I'll go for a big boot fest.

Since I wanted to single out the faulting system when these situations occur, I tried to reboot the computers one by one.

1) I reset the RFM Network by pushing the reset button on the bypass switch on the 1Y7 rack. Then I tried to bring C1SOSVME up by power-cycling and restarting it as in the procedure in the wiki. I repeated a second time but it didn't work. At some point of the restarting process I get the error message "No response from EPICS".
2) I also tried rebooting only C1DCUEPICS but it didn't work: I kept having the same response when restarting C1SOSVME
3) I tried to reboot C0DAQCTRL and C1DCU1 by power cycling their crate; power-cycled and restarted C1SOSVME. Nada. Same response from C1SOSVME.
4) I restarted the framebuilder;  power-cycled and restarted C1SOSVME. Nothing. Same response from C1SOSVME.
5) I restarted the framebuilder, then rebooted C0DAQCTRL and C1DCU, then power-cycled and restarted C1SOSVME. Niente. Same response from C1SOSVME.
Then I did the so called "Nuclear Option", the only solution that so far has proven to work in these circumstances. I executed the steps in the order they are listed, waiting for each step to be completed before passing to the next one.
0) Switch off: the frame builder, the C0DAQCTRL and C1DCU crate, C1DCUEPICS
1) turn on the frame builder
2) reset of the RFM Network switch on 1Y7 (although, it's not sure whether this step is really necessary; but it's costless)
3) turn on C1DCUEPICS
4) turn on the C0DAQCTRL and C1DCU crate
5) power-cycle and restart the single front-ends
6) burt-restore all the snapshots
When I tried to restart C1SOSVME by power-cycling it I still got the same response: "No response from EPICS". But I then reset C1SUSVME1 and C1SUSVME2 I was able to restart C1SOSVME.

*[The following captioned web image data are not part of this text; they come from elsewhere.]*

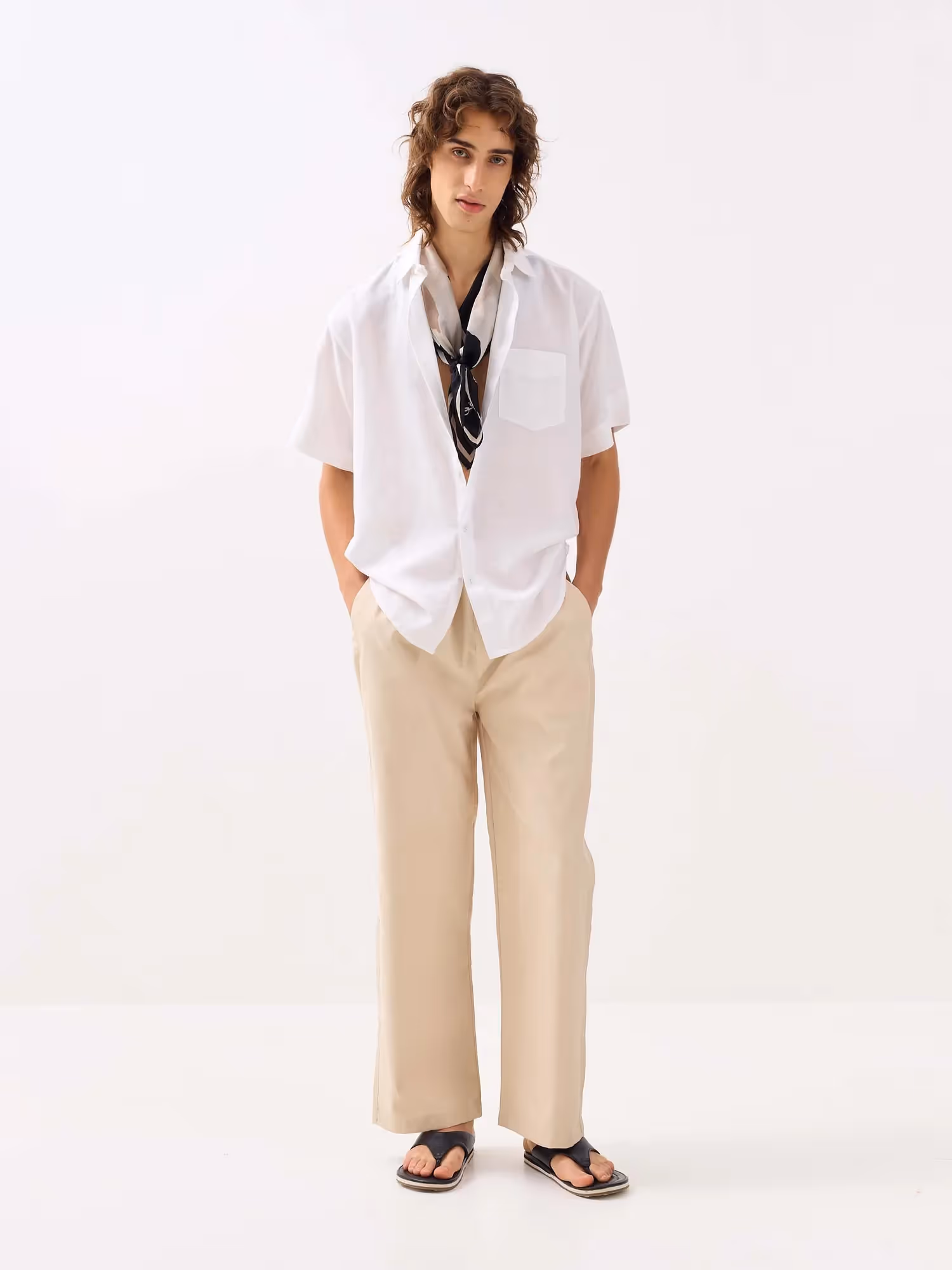 Beige Oxford Pull-on Pants image 1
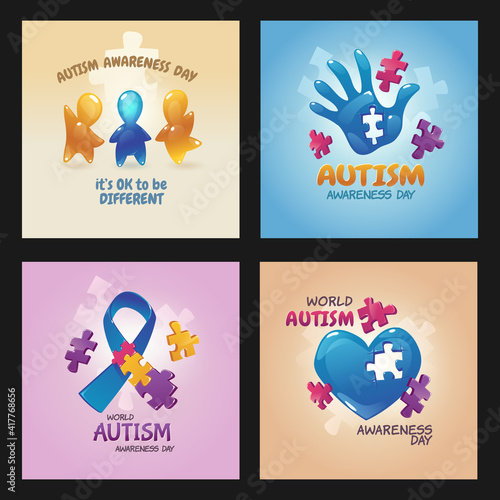 Autism world awareness day posters with puzzle pieces, open palm with hole, blue ribbon, kids figures waving hands and heart, it's ok to be different, children support, cartoon vector illustration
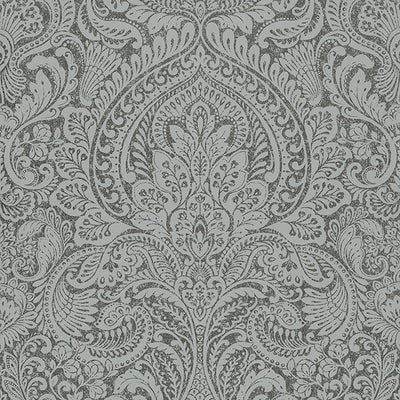 product image of Artemis Pewter Floral Damask Wallpaper from the Lustre Collection by Brewster Home Fashions 574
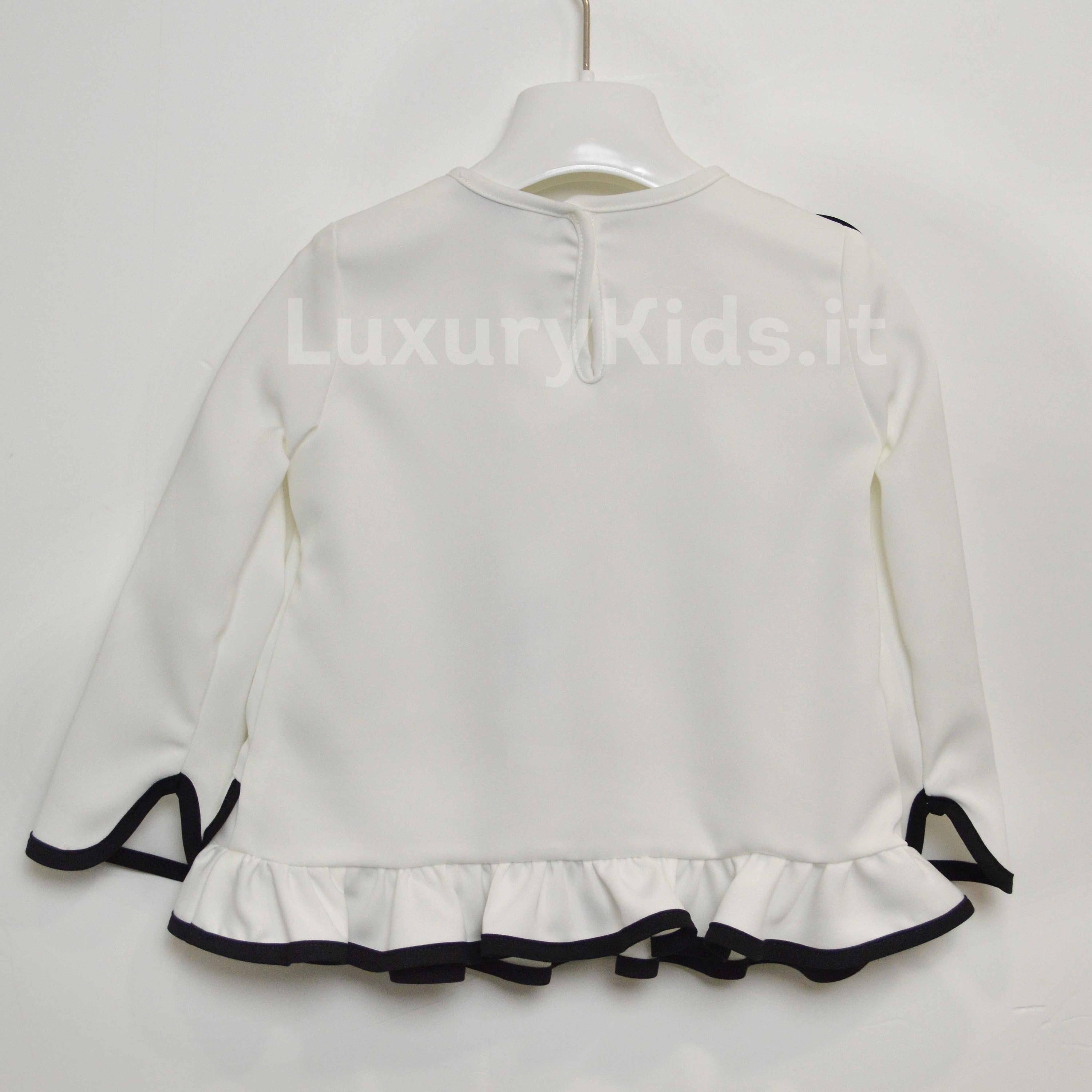 Camicia con rouches Elegante chic Moda Bambina  LOREDANA 7102 - LOLO' - LuxuryKids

It turned out that while I was checking the efficacy of the steps of the Grand Reboot to single out the crucial one, I was getting fooled by C1SOSVME's status. C1SOSVME was stuck, hanging on C1SUSVME1 and C1SUSVME2.
So the Nuclear option is still unproven as the only working procedure. It might be not necessary.
Maybe restating BOTH RFM switches, the one in 1Y7 and the one in 1Y6, would be sufficient. Or maybe just power-cycling the C0DAQCTRL and C1DCU1 is sufficient. This has to be confirmed next time we incur on the same problem.